- _TASK_
Each line from the one that holds "Edgar Allan Poes" to the end of the records is to be retyped exactly. Pictures are not part of the copy.

- _RECORD EXTRACTS_
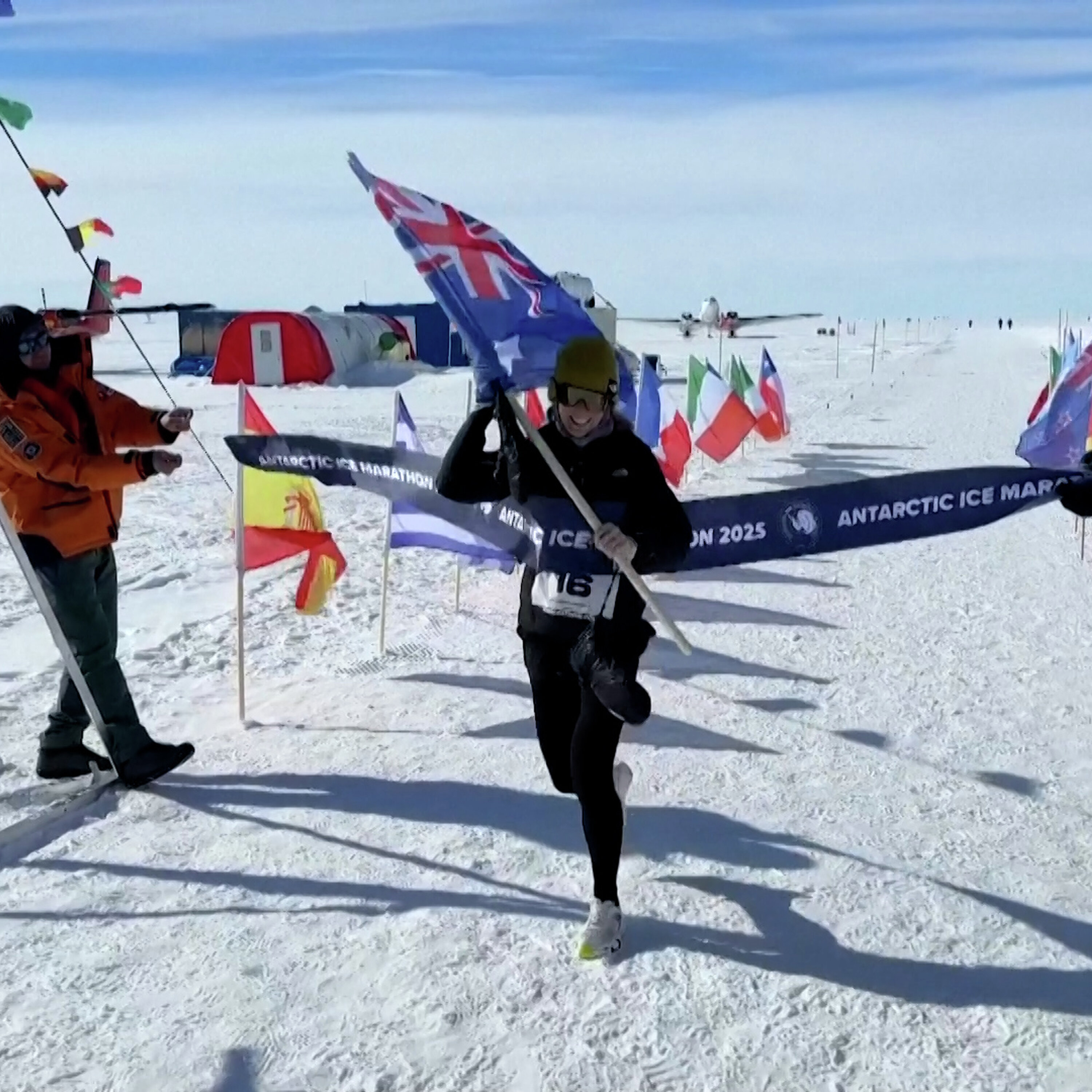 Australian athlete becomes first female winner of Antarctic Ice Marathon Australian athlete becomes first female winner of Antarctic Ice Marathon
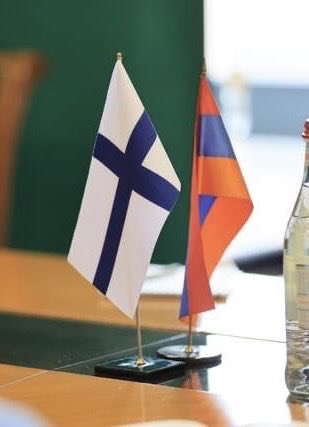 FinlandinSC's tweet image. Very good meeting Min of Environment ⁦@SimidHakob⁩ on Armenian-Finnish 🇦🇲🇫🇮cooperation on environmental protection, #Hydromet and #forestry.
Finland's vast experience provides good ground. ⁦@meteorologit⁩ #Ilmatieteenlaitos ⁦@VaisalaGroup⁩ ⁦@EastOfficeFI⁩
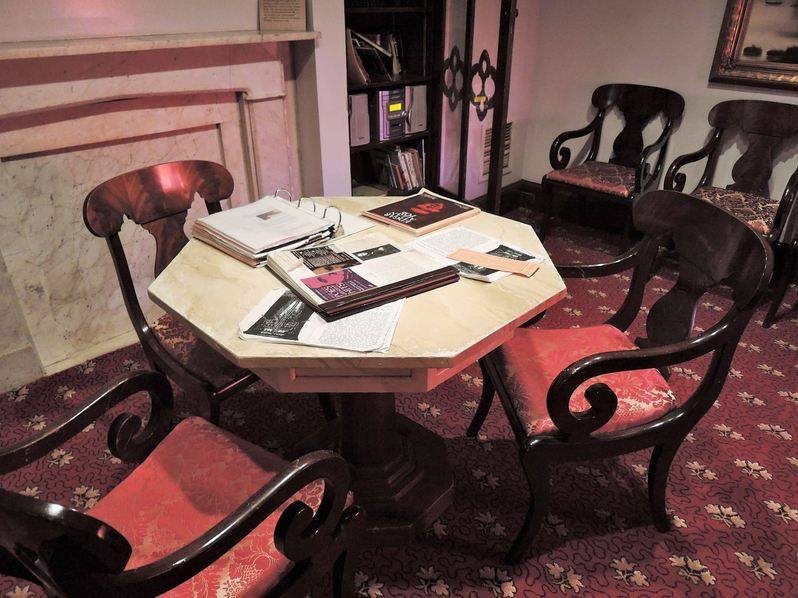 Edgar Allan Poes House Philadelphia - reading room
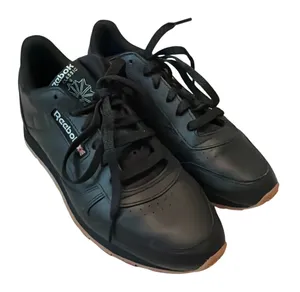 Reebok Classic Leather Sneakers Black Gum Bottoms Women's Size 9 GY0961 thumbnail 1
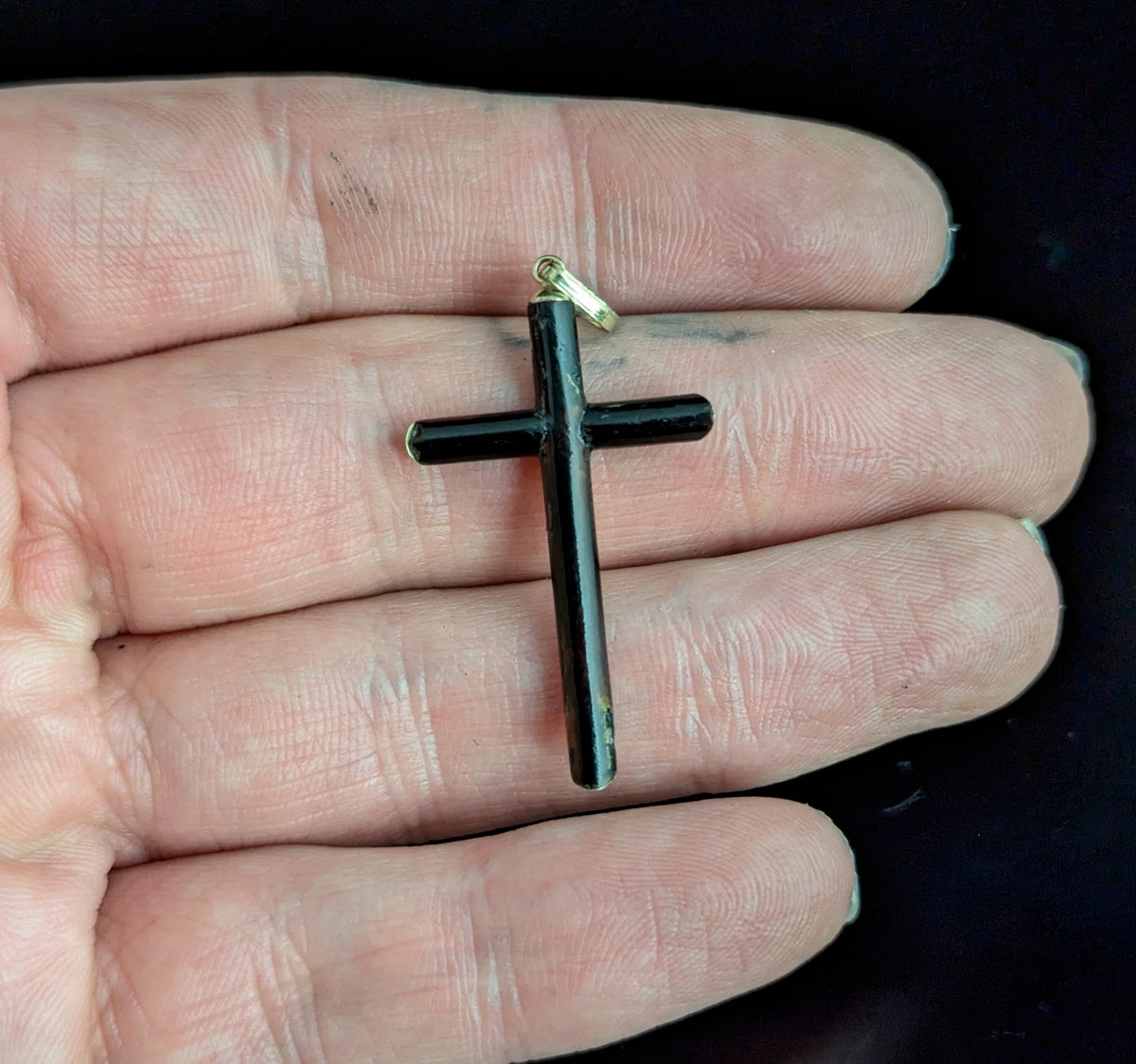 Vintage 9ct gold and Black enamel cross pendant, North Star, Religious jewellery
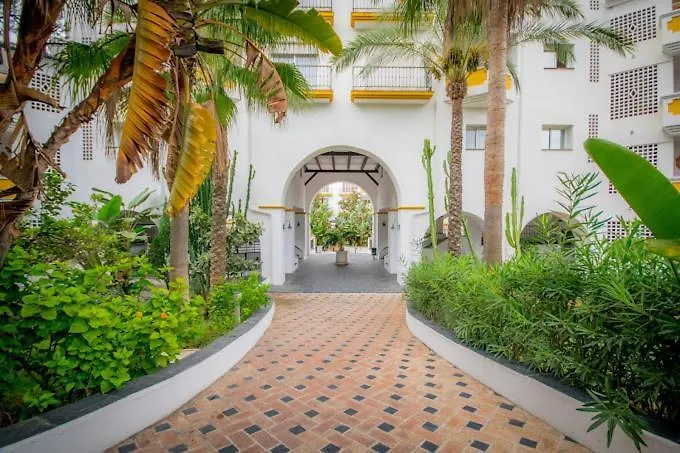 Apartamento Lujo En Complejo Alanda Club Marbella Spain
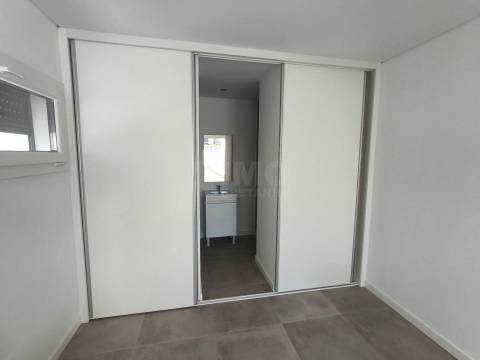 Moradia T2+1 NOVA - Redondos - Fernão Ferro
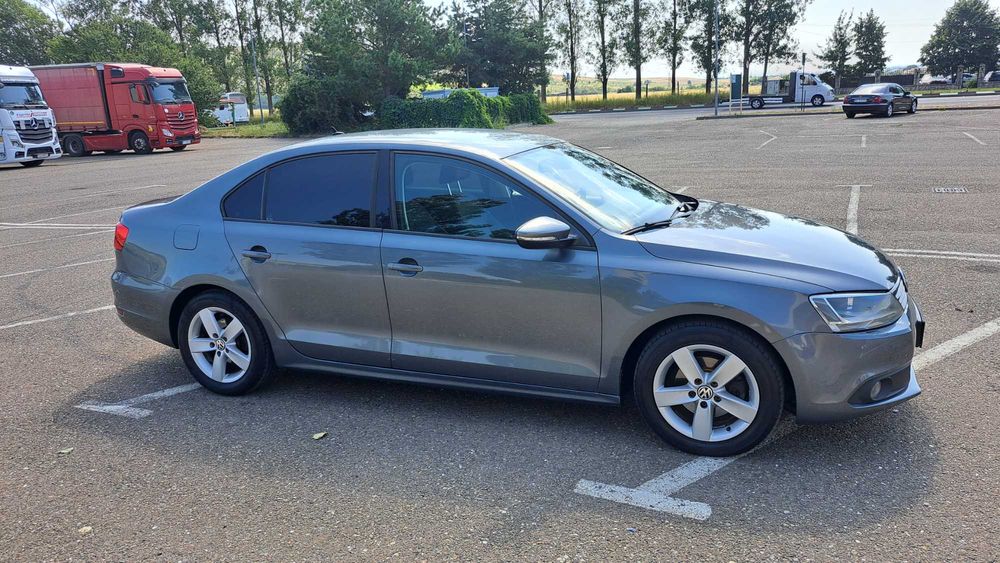 VOLKSWAGEN Jetta 2011 — imagine 5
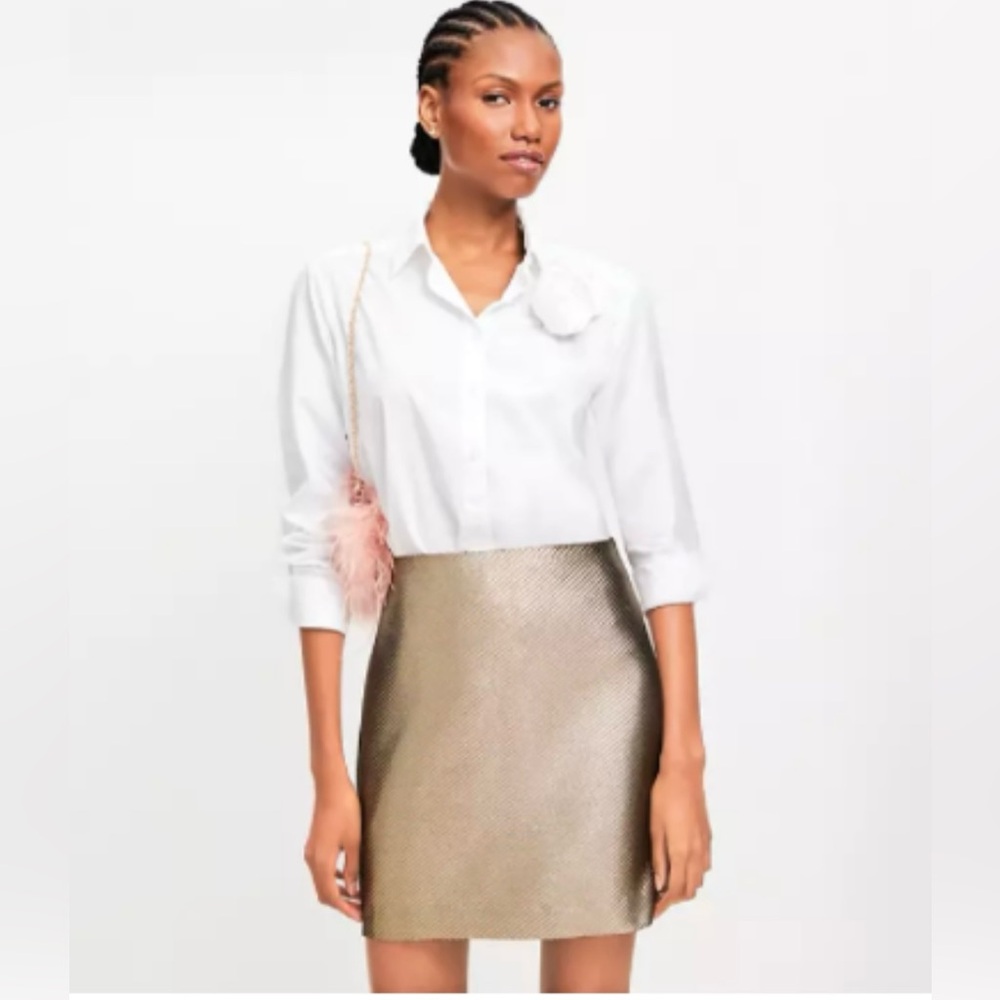 Chic Gold Mini Skirt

- _TASK OUTPUT_
 Edgar Allan Poes House Philadelphia - reading room
 Reebok Classic Leather Sneakers Black Gum Bottoms Women's Size 9 GY0961 thumbnail 1
 Vintage 9ct gold and Black enamel cross pendant, North Star, Religious jewellery
 Apartamento Lujo En Complejo Alanda Club Marbella Spain
 Moradia T2+1 NOVA - Redondos - Fernão Ferro
 VOLKSWAGEN Jetta 2011 — imagine 5
 Chic Gold Mini Skirt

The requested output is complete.